O tema da Reabilitação Urbana é, pois, particularmente complexo e exige capacidade de escutar e de assimilar contributos provenientes de várias áreas do saber.
Durante décadas, marcámos passo e, enquanto em certas cidades do país se fizeram experiências interessantes, que estancaram o decaimento e valorizaram certos edifícios ou conjuntos, noutras pouco ou nada se fez ao nível da Reabilitação Urbana, ou então fez-se de modo incorreto. De facto, projetos houve que, apesar de terem recebido prémios de reabilitação, foram mais tarde modificados, ou mesmo substituídos, de tal modo estavam condenados a falhar. E, no meio de tudo isto, a falta de uma gestão integrada e de critérios firmes, mas sensatos, para as intervenções em edifícios antigos, levou a danos irreversíveis em muitos dos nossos centros históricos. Ocorre-me o exemplo de Santarém e de como, há quase 30 anos, falhou a candidatura do seu centro histórico a Património da Humanidade, apesar do tanto que se pesquisou, divulgou e cuidou no contexto da candidatura. Já na altura, a zona antiga da cidade estava bastante descaracterizada, e nem o conjunto de igrejas góticas foi suficiente para obter o desejado reconhecimento por parte da UNESCO. À época da referida candidatura, a consciencialização dos portugueses para o problema da Reabilitação Urbana era ainda incipiente, e muitos nem sequer sabiam bem o que isso era. Hoje, ao contrário, quase todos os portugueses opinam sobre o assunto: a Reabilitação Urbana passou a ser daquelas poucas coisas por todos consideradas como úteis e importantes; um pouco como o Ambiente – que, também há não muitos anos, era prioridade apenas para pequenos grupos e associações de cunho ecologista.
Apesar de tudo, com o passar dos anos, sob a designação “Reabilitação Urbana” foram cabendo conceitos diferentes e, por vezes, antagónicos. Hoje, quando um responsável político promete acções de “Reabilitação Urbana”, ficamos sem saber, em concreto, que critérios estarão por detrás destas ações.

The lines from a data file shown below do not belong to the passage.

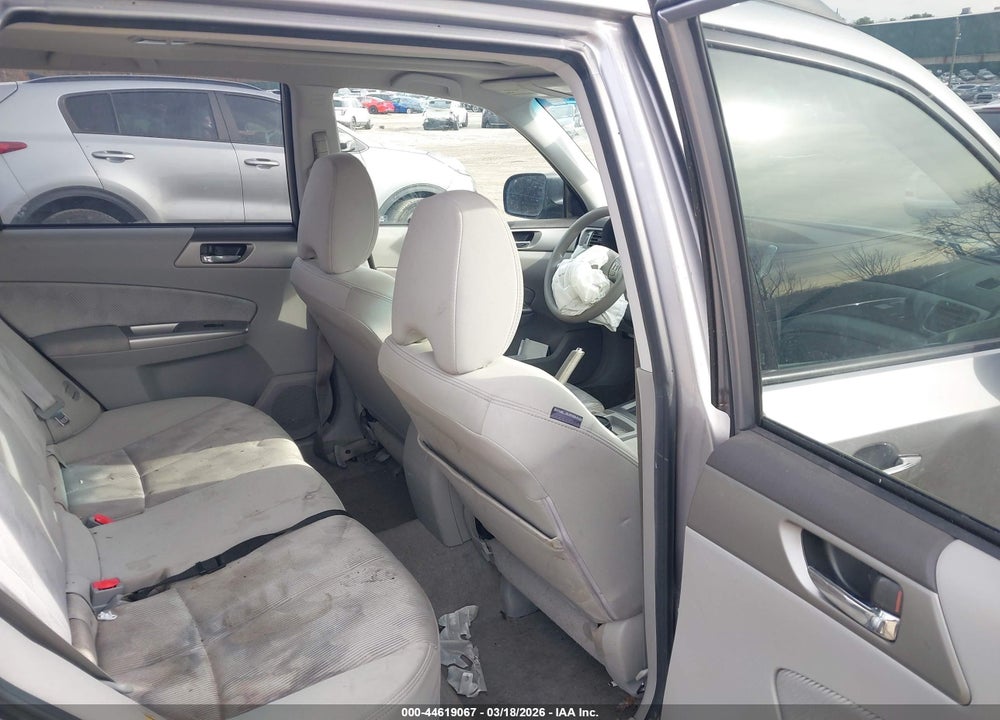 2010 SUBARU FORESTER 2.5X PREMIUM VIN: JF2SH6CC5AH746071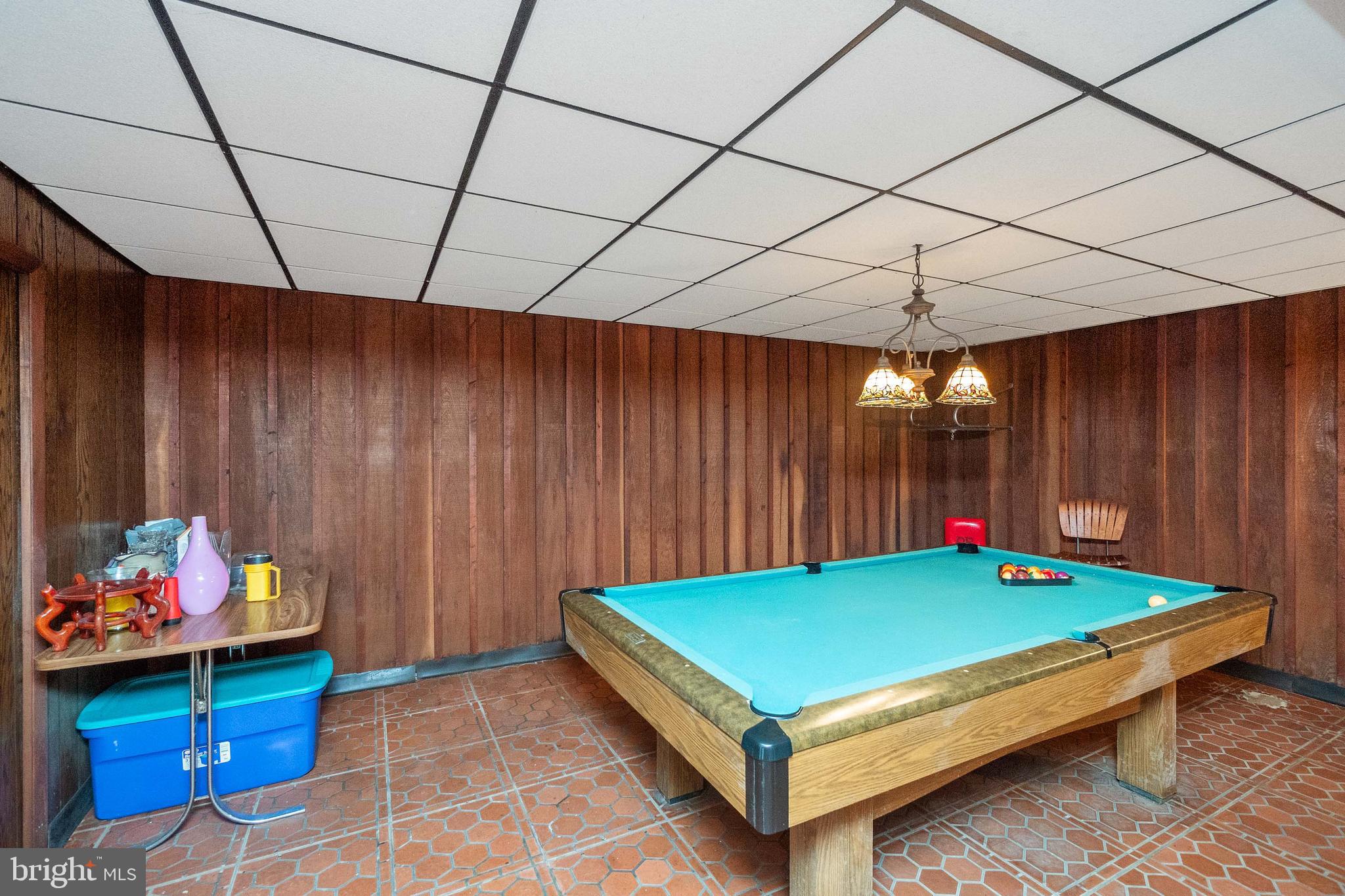 SUNNY ACRES - Residential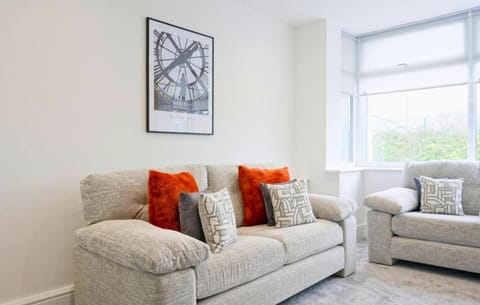 3 Bed House, Free Parking, Garden Apartment in Wigan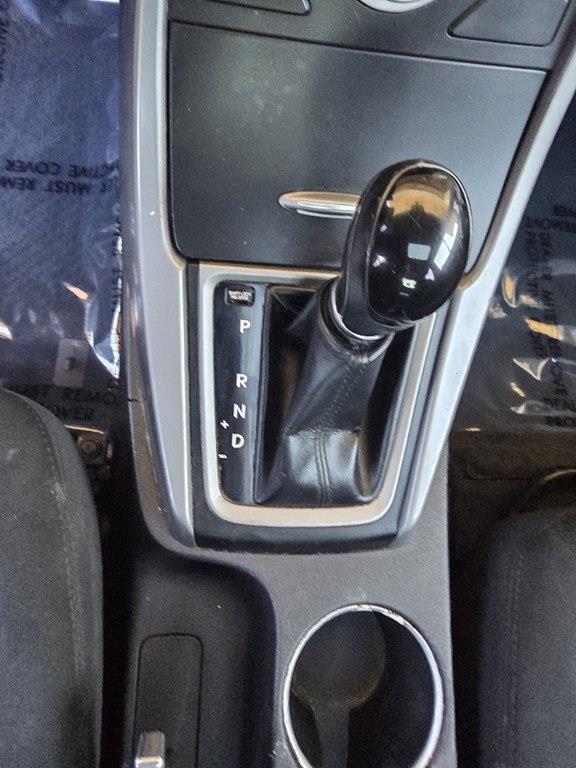 Hyundai Elantra SE 6AT 2015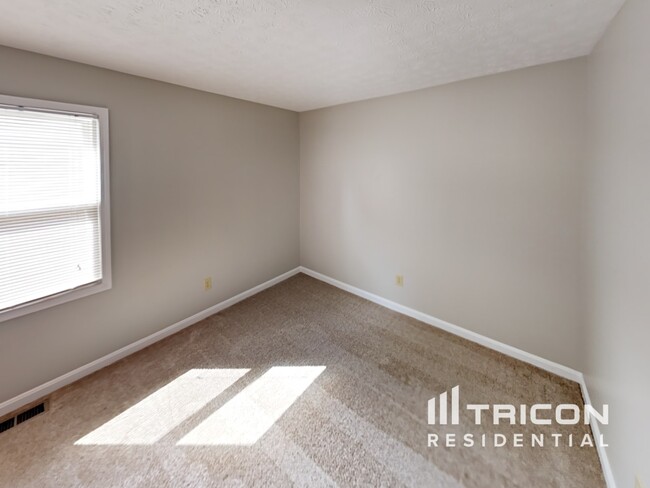 Building Photo - 3149 Sextant Dr
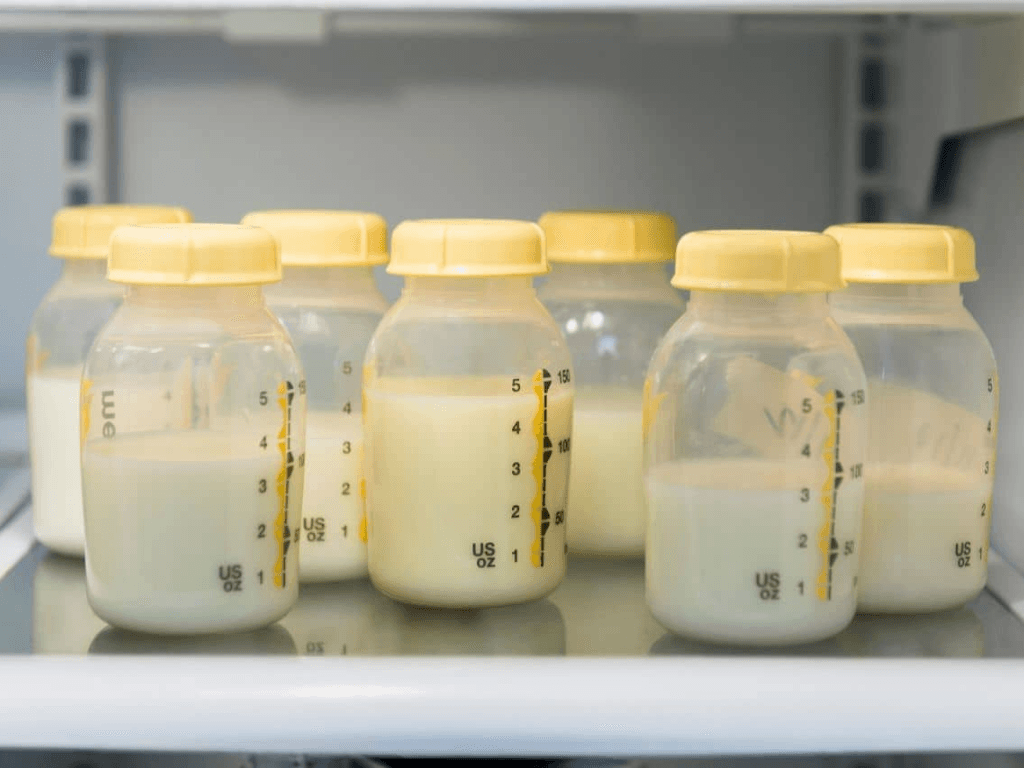 cach-bao-quan-sua-me-khong-lam-mat-duong-chat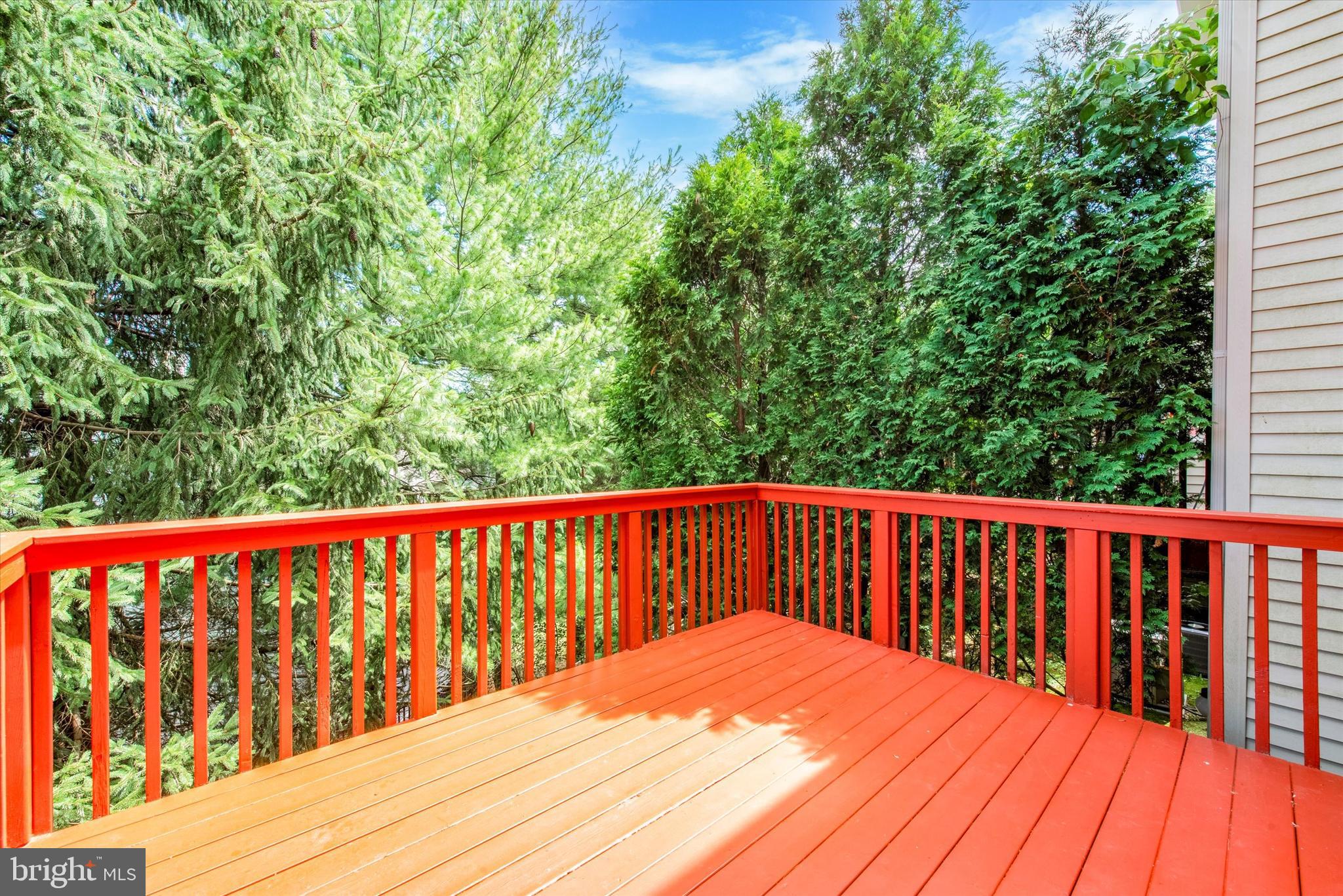 175 MOUNTAIN VIEW DRIVE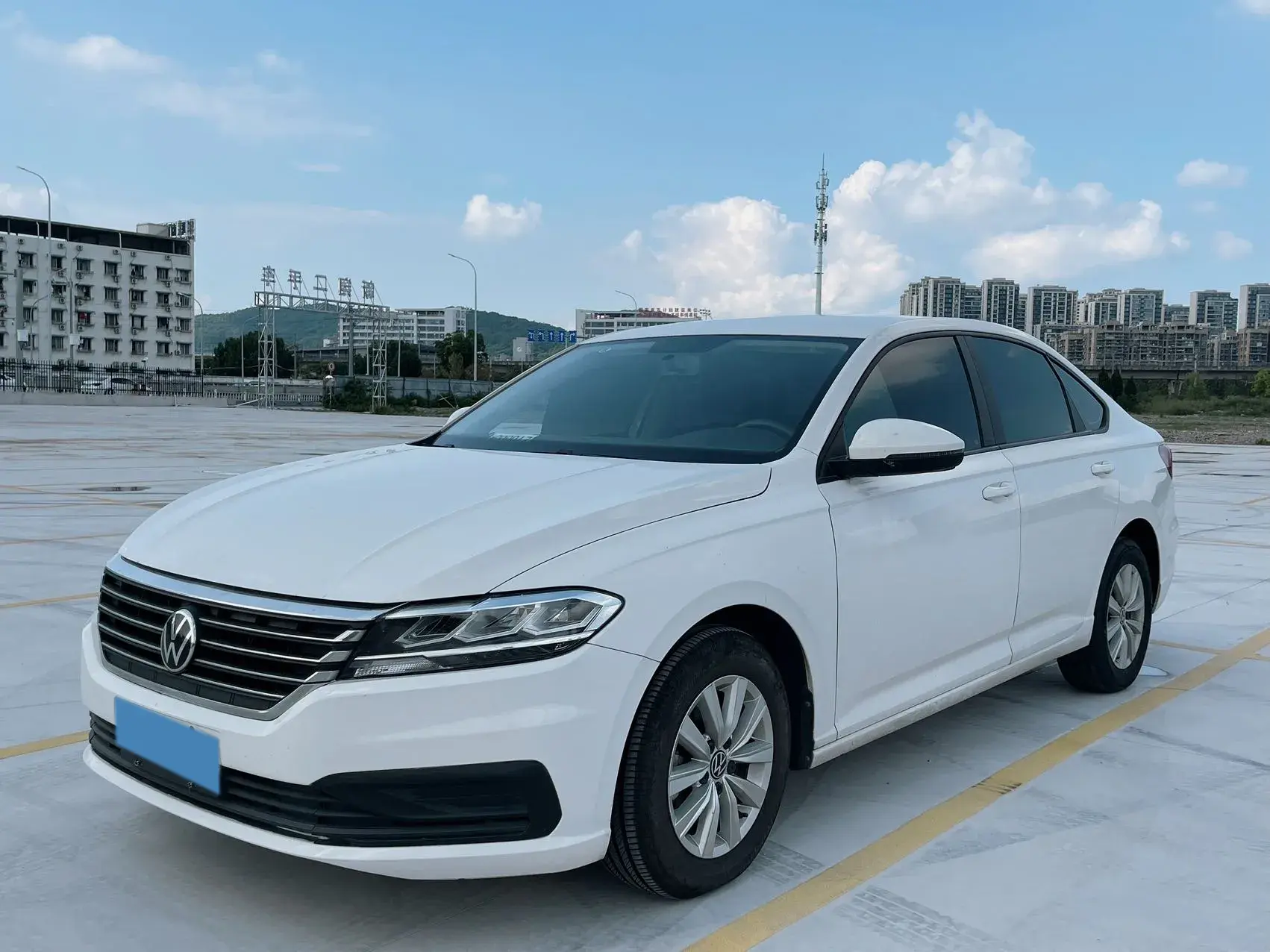 2021 VOLKSWAGEN LAVIDA view 1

Ora, a prática atual mostra que muita Reabilitação, na realidade, não o é, ou então, sendo-o, incorre em erros do passado.
Exemplos recentes do que se convencionou chamar de “fachadismo”, assim como intervenções em que se descuram e eliminam os detalhes identitários (ver as fotos com o antes e o depois num edifício de Ponta Delgada), muitas vezes por mero desconhecimento, têm demonstrado um elevado risco de descaracterização dos centros históricos dos Açores a curto prazo.
Importa, pois, refletir sobre tudo isto, especialmente no momento atual, quando o ciclo económico é de retoma e quando o frenesim provocado pelo crescimento turístico motiva o interesse em recuperar edifícios antigos, quase sempre no sentido de se adaptarem a novas finalidades. Estaremos nós a fazer os investimentos corretos? E, se sim, serão estes investimentos realmente sustentáveis? Estaremos nós a respeitar os valores patrimoniais? Que efeitos colaterais poderão ter as intervenções? Que Reabilitação Urbana será a mais desejável para os Açores?
No sentido de tentar responder a estas questões, entendi que seria oportuno reativar o curso livre de Restauro Urbano, que havia sido realizado em Lisboa e no Porto durante alguns anos, mas com um programa reformulado e adaptado à realidade actual da Reabilitação Urbana nos Açores, com os seus novos desafios e as suas novas ameaças. Realizar-se-á esta formação no Instituto Cultural de Ponta Delgada, nos dias 27 e 28 de outubro, 3 e 4 de novembro (sextas ao fim da tarde e sábados seguintes, todo o dia). A organização é da Associação Histórias Sábias.